• [Provided material]:
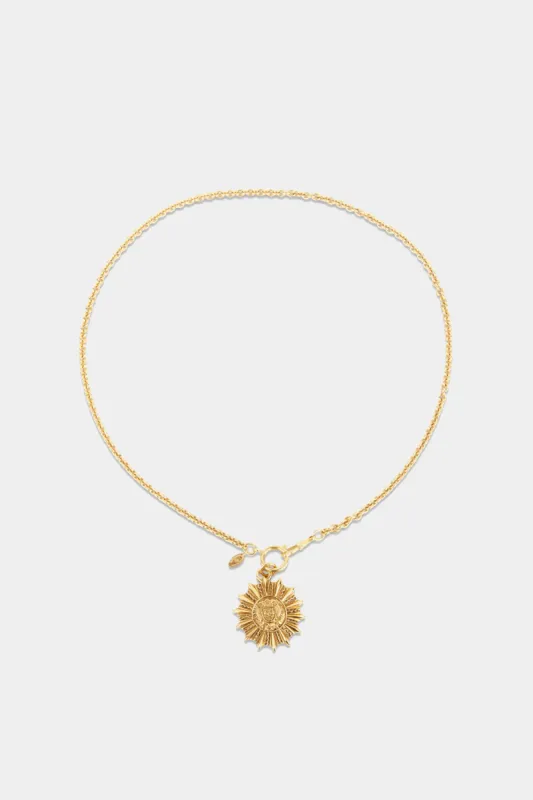 Sunburst CC Pendant sold by Lord & Taylor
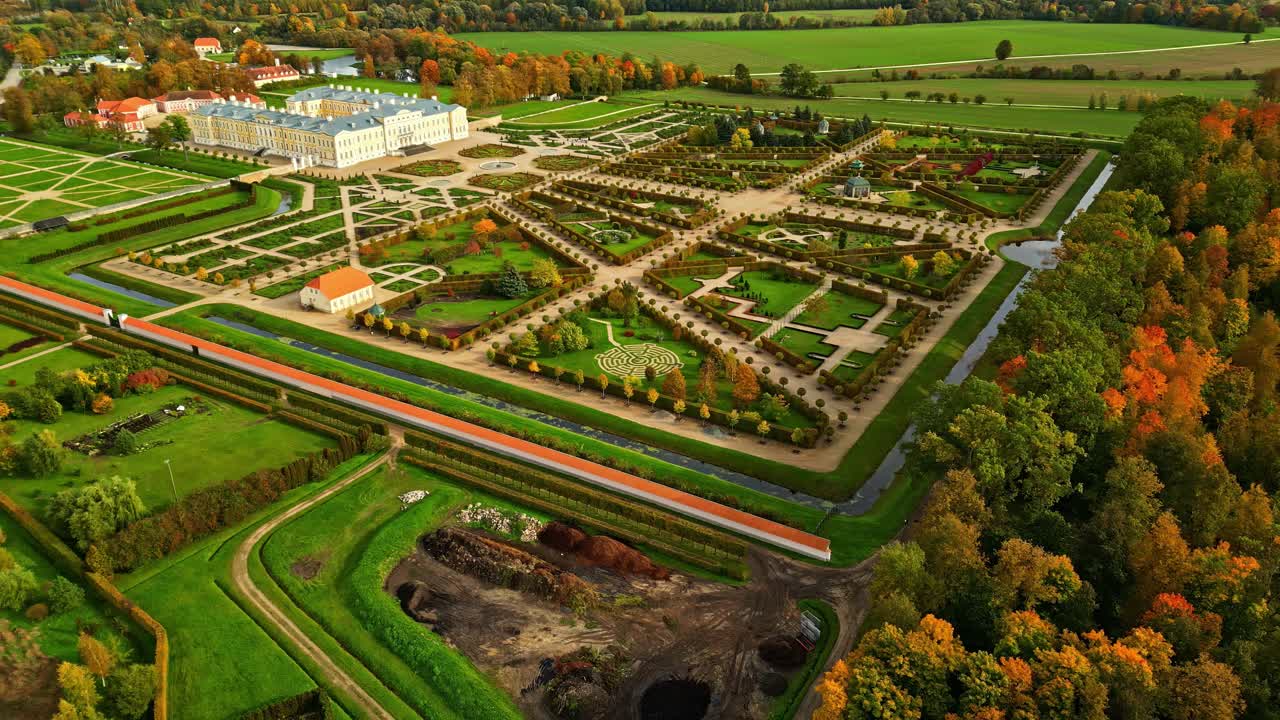 Luchtfoto van een groots barok paleis met symmetrische formele tuinen en geometrische parterres in Europa.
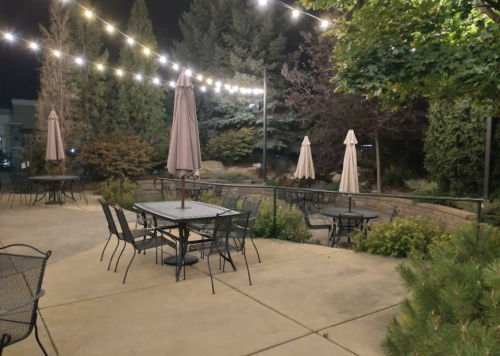 Outdoor patio at night with string lights, tables, and umbrellas surrounded by trees and greenery.
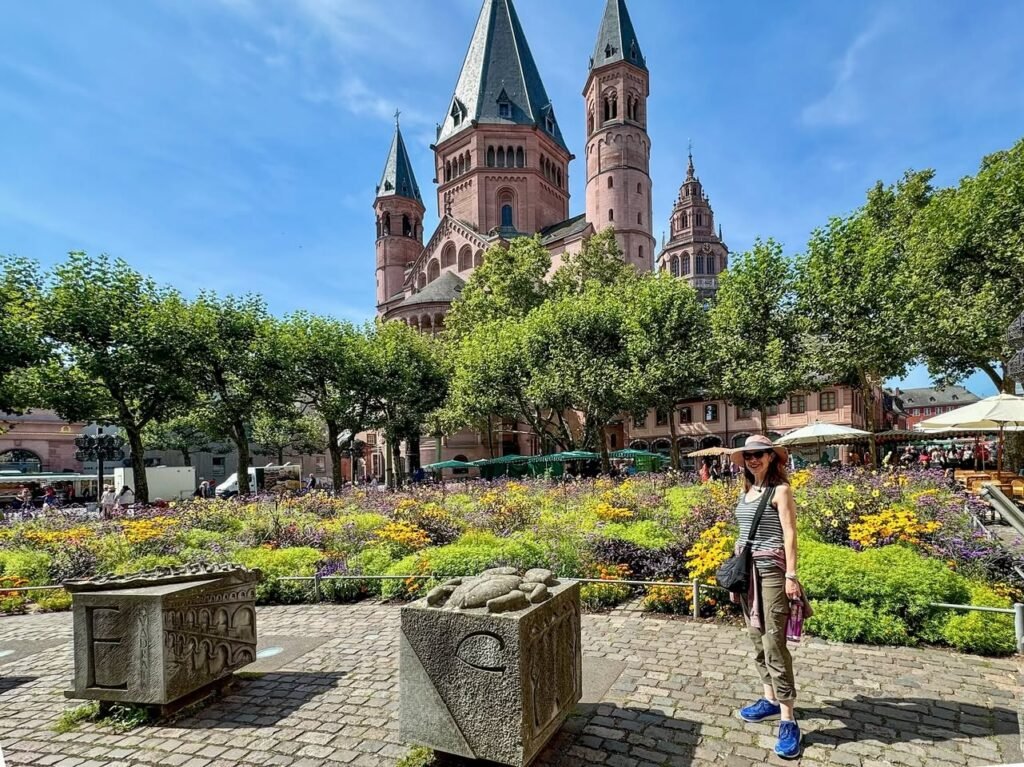 A visitor enjoys the blooming gardens in front of Prague's iconic St. Vitus Cathedral, with detailed stone planters in the foreground and a clear blue sky overhead.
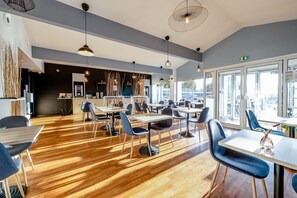Un comedor moderno con suelo de madera, sillas azules e iluminación colgante.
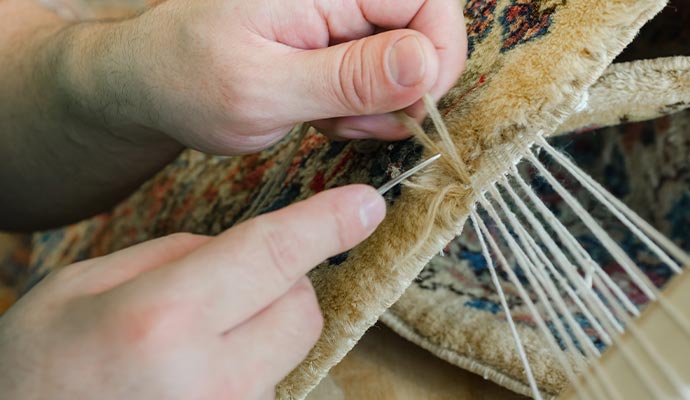 Technician weaving new yarn knots to patch a damaged section of a rug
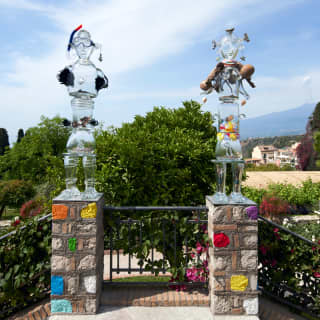 Two transparent statues decorated and raised on painted brick posts are the bright contribution of Marthine Tayou for MITICO.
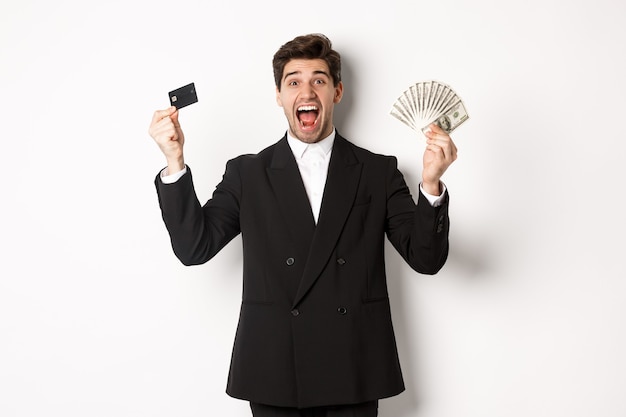 Portrait of handsome businessman in black suit, showing credit card and money, shouting for joy and excitement, standing against white background.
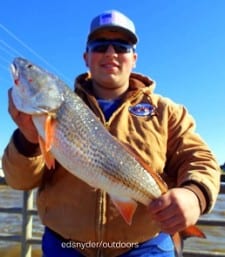 Ethan Carrasco of Pasadena TX took this nice 26inch slot red on shrimp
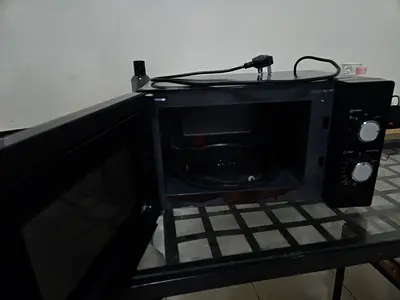 Used countertop microwave oven - good working condition. Extensively Used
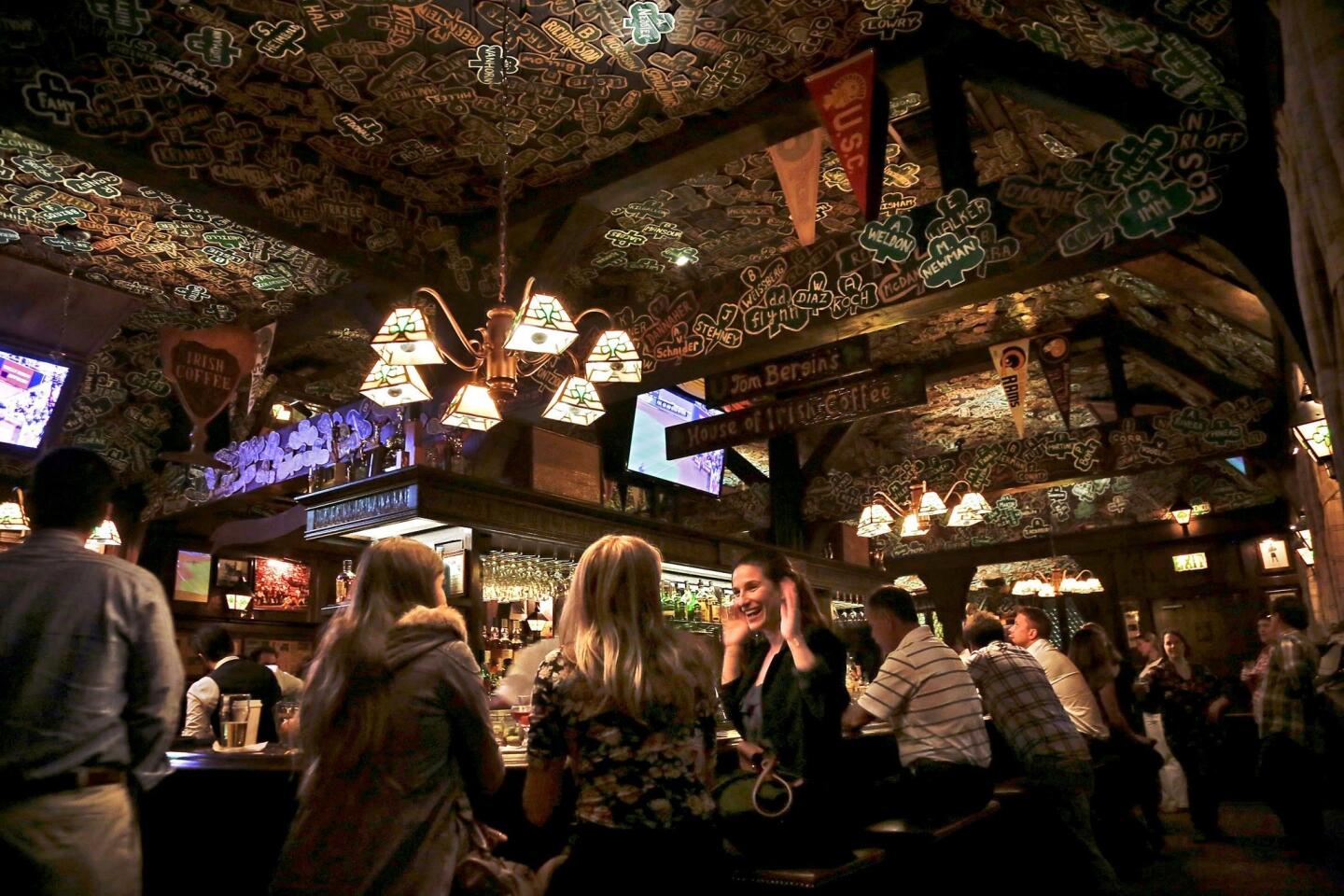 The bar area at Tom Bergin's is covered with shamrocks.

• [Task to carry out]:
Transcribe the lines that run from the line bearing "Ethan Carrasco of" through the last line of the data. Keep the wording exact and leave out every picture.

• [Solution for this exercise]:
 Ethan Carrasco of Pasadena TX took this nice 26inch slot red on shrimp
 Used countertop microwave oven - good working condition. Extensively Used
 The bar area at Tom Bergin's is covered with shamrocks.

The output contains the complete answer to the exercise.